Mais les comptes de l'assurance vieillesse replongeront dès 2023, rattrapés par le vieillissement de la population, tendance "inéluctable" confirmée fin novembre par l'Insee: le ratio de retraités (65 ans et plus) rapporté aux actifs (20-64 ans) passera de 37 pour 100 actuellement à 51 en 2040, puis 57 en 2070.
Un "scénario central" identique aux précédentes projections réalisées en 2016, sauf qu'au lieu de progresser jusqu'à 76,5 millions, le nombre d'habitants stagnera à 68 millions.
Avec une fécondité bloquée à son niveau actuel, le pays "perdra" donc 5 millions de personnes de moins de 60 ans en un demi-siècle, mais en comptera près de 6 millions supplémentaires de 75 ans et plus. Ce qui complique sérieusement l'équation des pensions.
D'autant plus que les nouvelles hypothèses démographiques de l'Insee sont un peu moins favorables que celles retenues dans le dernier rapport du Conseil d'orientation des retraites (COR), qui en juin dernier envisageait un retour à l'équilibre financier "vers le milieu des années 2030" dans le meilleur des cas et plus vraisemblablement "entre 2040 et 2050".
Sombres auspices
Pour ne rien arranger, le COR a également décidé fin novembre de revoir à la baisse son principal indicateur économique: la productivité du travail n'augmenterait plus dans une fourchette de 1% à 1,8%, mais de 0,7% à 1,6%. Les "cibles" n'ont jamais été si basses depuis la création, il y a plus de vingt ans, de l'instance, forcée de tenir compte du "ralentissement constaté" en France comme ailleurs.

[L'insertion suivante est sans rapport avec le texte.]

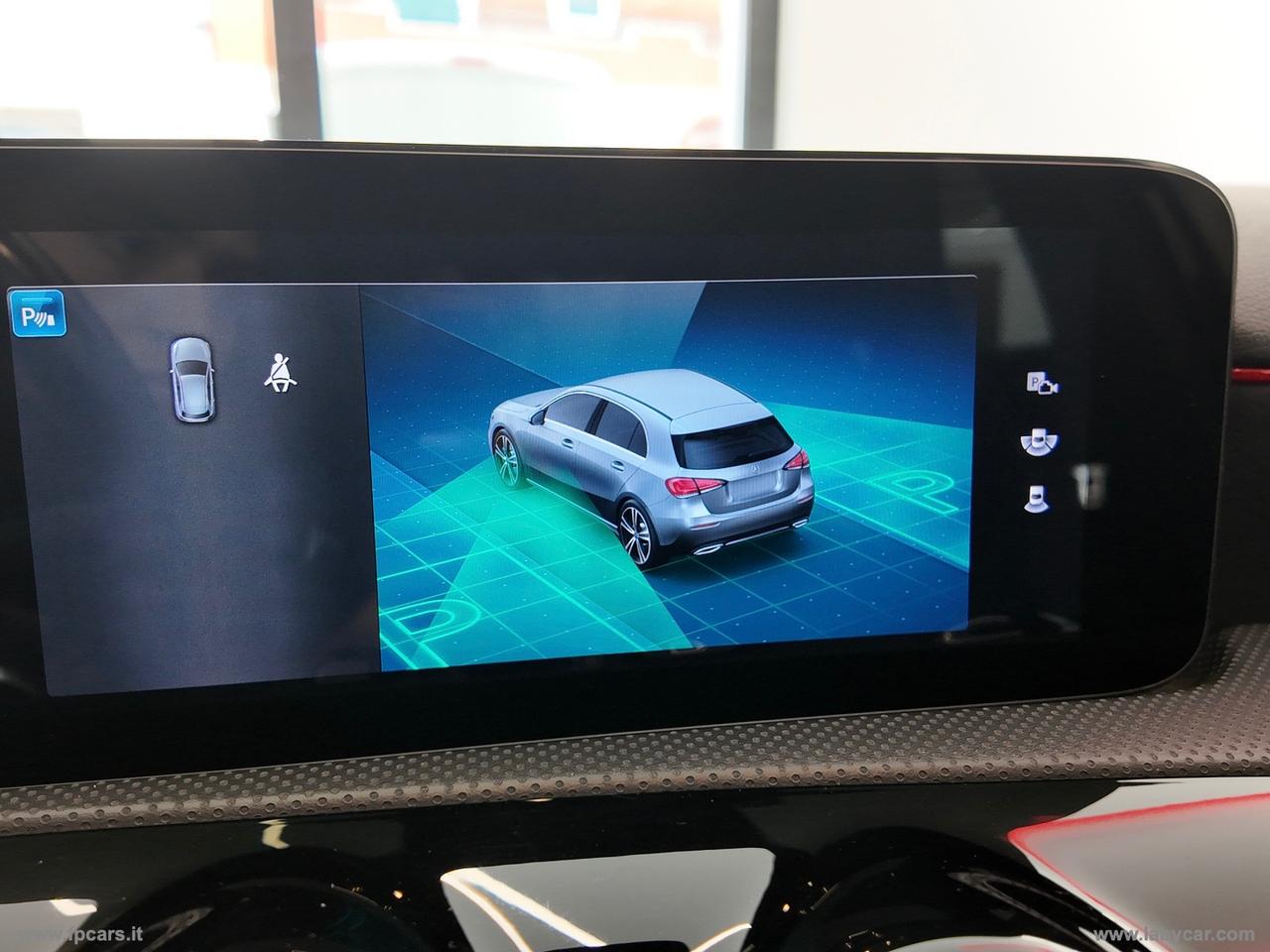 MERCEDES-BENZ A 180 d Automatic Premium AMG TETTO APRIB.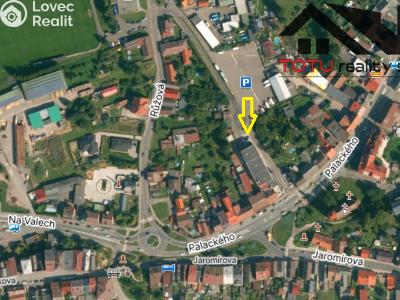 Pronájem specifického typu nemovitosti Jaroměř, Palackého č. 4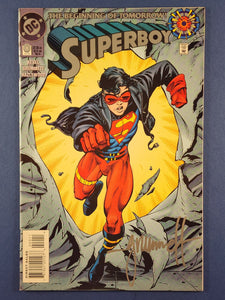 Superboy Vol. 3  # 0  Signed by Tom Grummett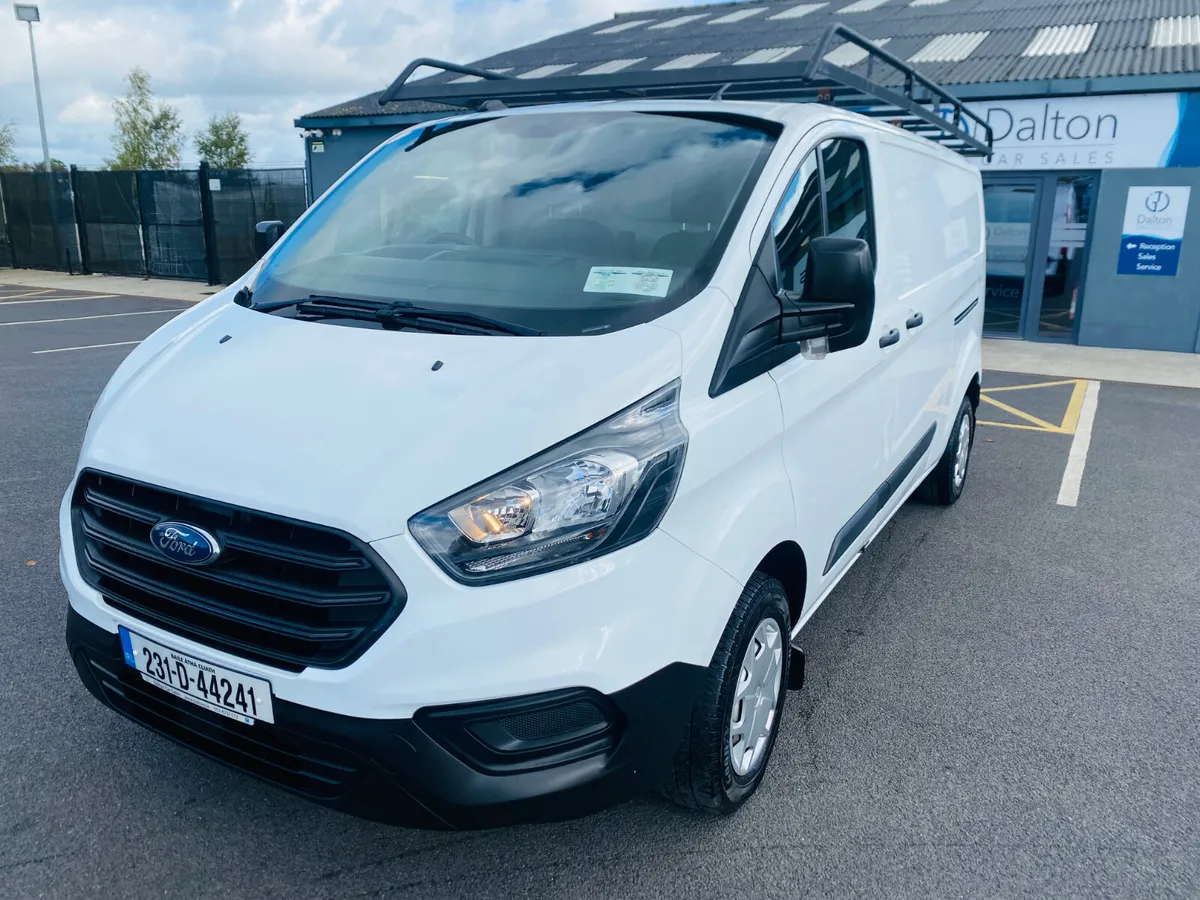FORD TRANSIT CUSTOM LWB 2023 (231) - Image 1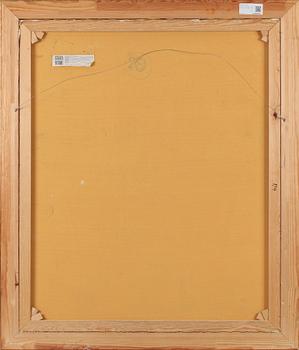 GABRIEL RAMIREZ, olja på duk, sign o dat 1988 a tergo.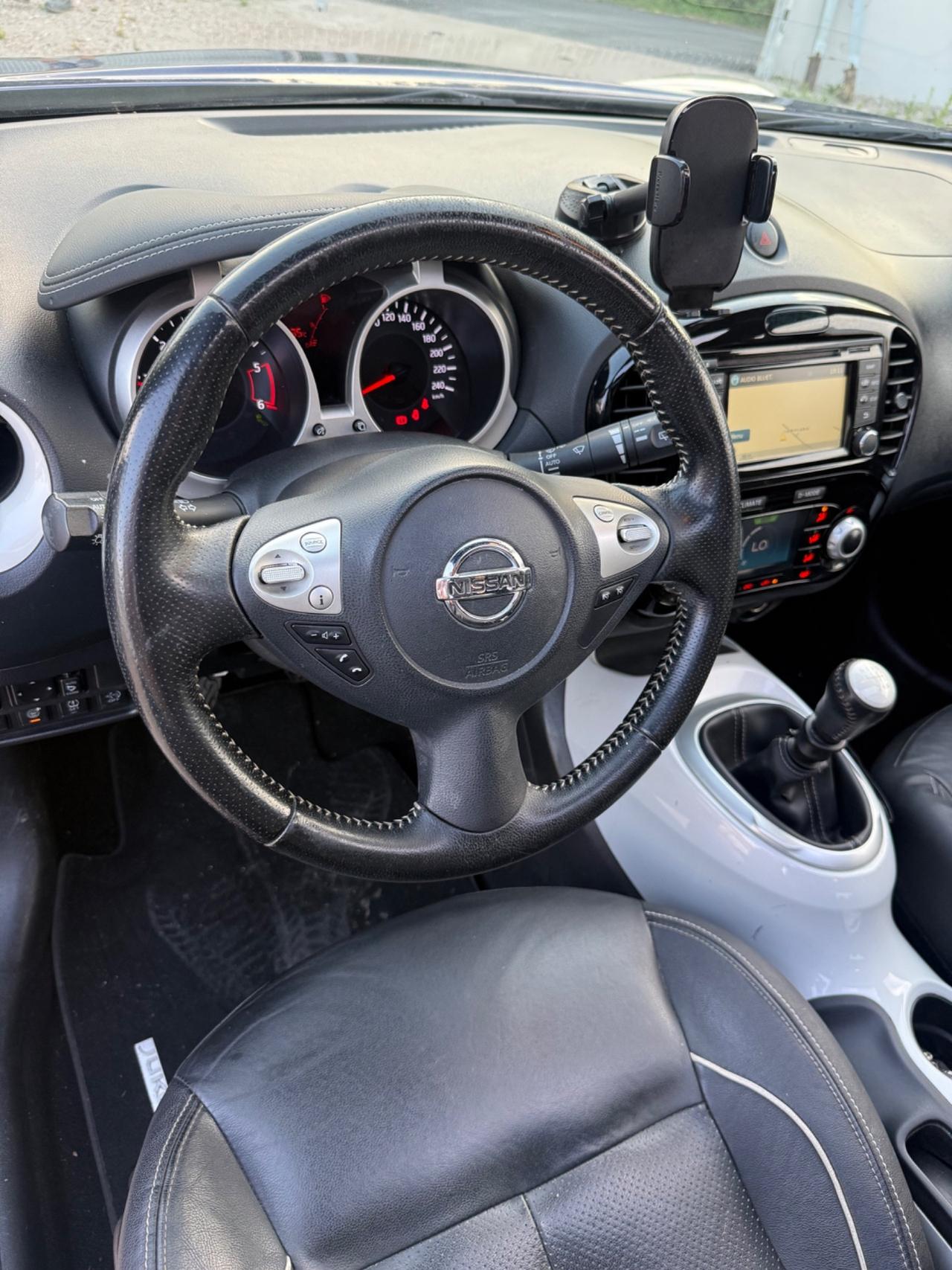 Nissan Juke 1.5 dCi Start&Stop Tekna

Ces dixièmes de points de pourcentage auront des conséquences budgétaires massives: la productivité détermine la hausse des salaires, donc des cotisations, alors que les retraites sont indexées depuis trois décennies sur l'inflation, qui progresse d'ordinaire moins vite. Si les ressources se tarissent, il faudra puiser ailleurs.
Malheureusement, l'espoir du "plein emploi", entretenu par Emmanuel Macron, est douché par le COR, qui table toujours sur 7% de chômage "à long terme" - contre environ 8% aujourd'hui. Et quand bien même ce taux chuterait durablement au niveau improbable de 4,5%, cela aurait un effet "beaucoup plus faible" qu'un gain minime de productivité, souligne l'organisme rapport après rapport.
Le prochain opus, attendu après l'élection présidentielle d'avril, se prépare donc sous de sombres auspices. Celui ou celle qui l'emportera y trouvera sans nul doute les arguments pour défendre un choix aussi nécessaire qu'impopulaire: choisir la réforme "paramétrique", c'est-à-dire baisser les pensions, augmenter les cotisations ou reporter l'âge légal.
Cette dernière option divise les principaux candidats déclarés, Valérie Pécresse proposant de l'augmenter à 65 ans et Eric Zemmour à 64, quand Marine Le Pen et Jean-Luc Mélenchon campent sur un retour à 60 ans.
Le président sortant, coincé depuis cinq ans par sa promesse d'un maintien à 62 ans, s'est pour sa part ravisé et juge désormais nécessaire de "travailler plus longtemps, en (le) repoussant", sans préciser pour le moment où il fixerait le curseur.